Final answer:
The correct statement is D) A and B are complementary events. This is because P(A ∪ B) = 1 signifies that either A or B or both must occur, whereas P(A ∩ B) = 0 means A and B cannot occur simultaneously, making them complementary.
Step-by-step explanation:
If P(A ∪ B) = 1 and P(A ∩ B) = 0, we are dealing with some fundamental probability concepts associated with a sample space. The expressions refer to the probability of either event A or B occurring (the OR event), denoted by P(A ∪ B), and the probability of both events A and B occurring together (the AND event), denoted by P(A ∩ B). In our case, P(A ∪ B) = 1 indicates that event A or event B or both will certainly occur. In contrast, P(A ∩ B) = 0 indicates that events A and B cannot occur at the same time. These two events are therefore mutually exclusive and complementary. The correct answer is D) A and B are complementary events.

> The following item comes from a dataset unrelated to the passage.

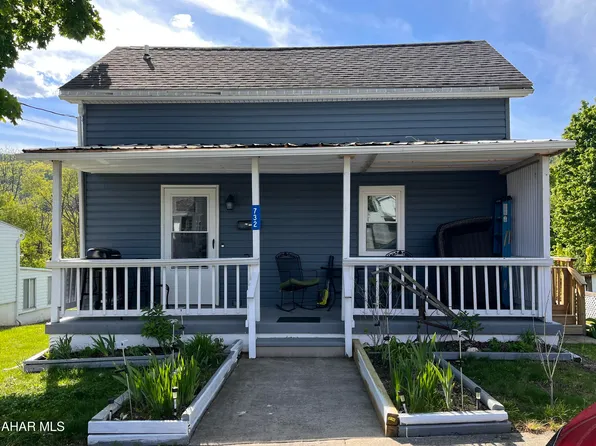 732 Sugar St, Roaring Spring, PA 16673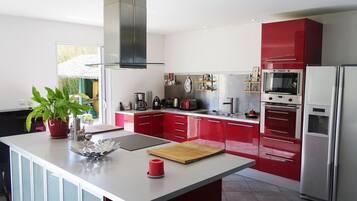 Réfrigérateur, micro-ondes, four, plaque de cuisson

When A and B are mutually exclusive, it means they have no outcomes in common, which aligns with P(A ∩ B) = 0. Events are complementary when they cover all possible outcomes in the sample space without overlapping, which aligns with P(A ∪ B) = 1.
Thus, the notion that these events are complementary is the true statement reflecting the relationship between events A and B given P(A ∪ B) = 1 and P(A ∩ B) = 0.